Marlbrooke smiled at her, making no attempt to hide the deep affection between them, understanding her anxieties. He leaned forward to bracelet her wrists in a light clasp. ‘It may not be. I know that you adored my father. And he you. But such a blessing is not for everyone. I do not look for love in marriage. Merely respect, friendship if we are fortunate—tolerance if we are not. I believe that Katherine Harley will be more than suitable as a wife. Now, let that be an end to it. There is no need for your concern.’
Elizabeth sighed, but accepted from experience that there was no good to be had in pursuing the matter further.
‘Be kind to her, Marcus,’ was the only comment she allowed herself to make. ‘Her childhood can not have been quite comfortable. And tell her … tell her that I will welcome her here as my daughter.’
‘I will.’ She instantly knew that she had touched a nerve. His tone took on a sardonic note. ‘Many would tell you that I have no such finer motives, but whatever they might say about my character, it is not my intention to be cruel to her.’
‘I know all about your character! I would not accuse you of such things!’
He showed his teeth at her response. ‘But you are biased, my love.’ Then made her smile again as he raised her hands to his lips and kissed them lavishly.
‘Just try not to overawe the poor child.’
‘It was not my intention.’
‘No. But it would be so very easy for you to do.’
‘I will do my poor best. Nor is it my intention to punish her for past sins. So don’t fret.’
‘Very well.’ And that was as far as Lady Elizabeth dare push the issue. She stood and made her way slowly towards the door, now followed by Marlbrooke.
‘So, madam. What shall I bring you from the flesh pots of London?’

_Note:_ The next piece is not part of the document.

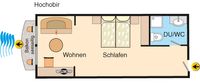 Hotel Sonne - Double room "Hochobir" family arrangement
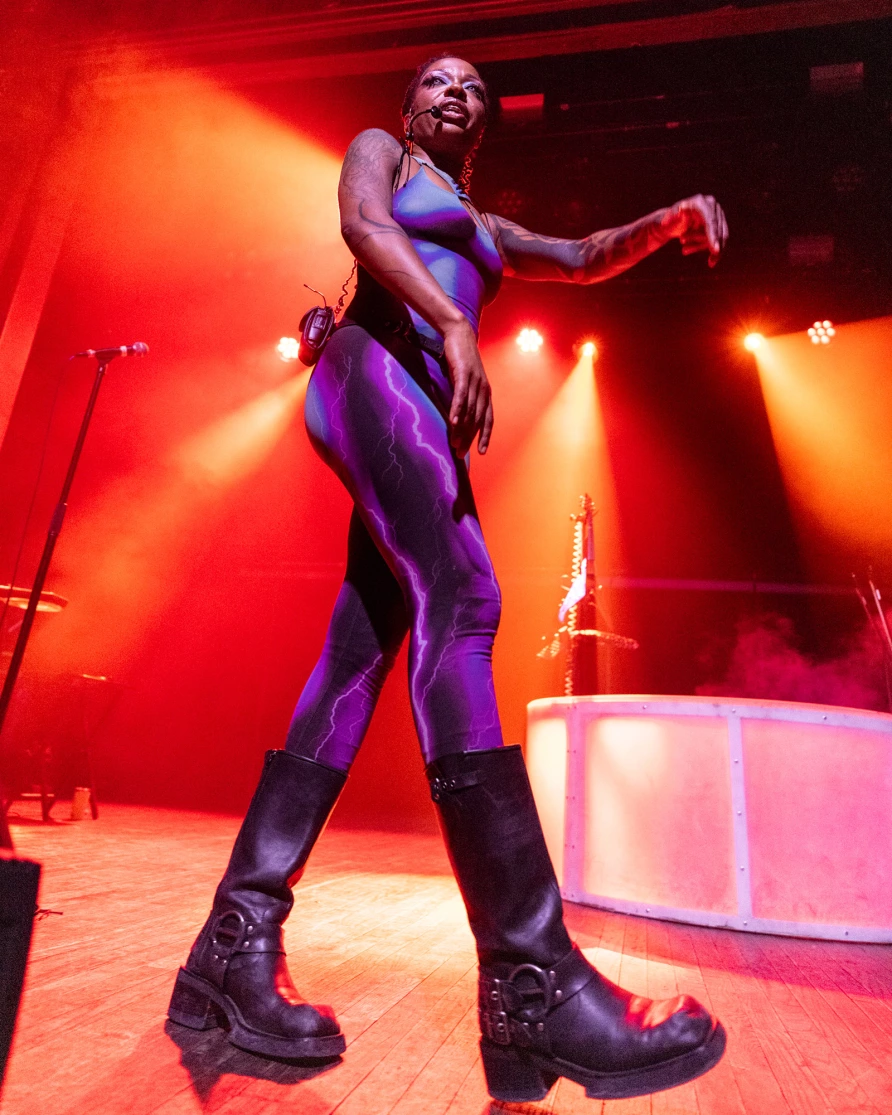 Sudan Archives at Webster Hall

‘Anything your heart desires.’
A bride with whom you have fallen hopelessly in love and who will love you in return.
‘Books, if you will. Poetry. Whatever is fashionable.’
‘Whatever I think Felicity will dislike?’
‘You are too astute for your own good.’ Elizabeth chuckled, allowing her hand to rest for a brief moment
on her son’s shoulder, smoothing the dense nap of his velvet coat.
‘I will do it, with much pleasure.’ He bent to kiss her cheek.
‘Take care, Marcus.’
And he was gone, leaving her to worry over a proposed marriage that had such cold expectations. A suitable wife, indeed! It seemed to her to be damned before it had even begun.
And now, a week after Marlbrooke’s departure, Elizabeth Oxenden made her way slowly and painfully through the Great Hall in the oldest part of Winteringham Priory. She leaned heavily on a cane, her knuckles white with the effort and her lips compressed into a firm line. Today she felt every one of her forty-eight years. It had been a long winter. Every joint and muscle ached with the persistent damp and cold. The flaring agony in her left hip caused her to limp heavily and doubt that she could reach the distant doorway without aid.
How embarrassing! It seemed such a short time ago that she had been able to ride with her husband, to dance until the candles guttered, to play in the Long Gallery with her boisterous son. She paused to rest against the heavy oak table. Her skin was still soft and clear, her eyes arresting with green flecks in their luminous grey depths, all remnants of her earlier beauty. But pain had left its
imprint, strain had touched and deepened the lines around mouth and eyes. She felt so tired. Elizabeth sniffed in an instant of weakness and self-pity and tears threatened to spill from her eyes.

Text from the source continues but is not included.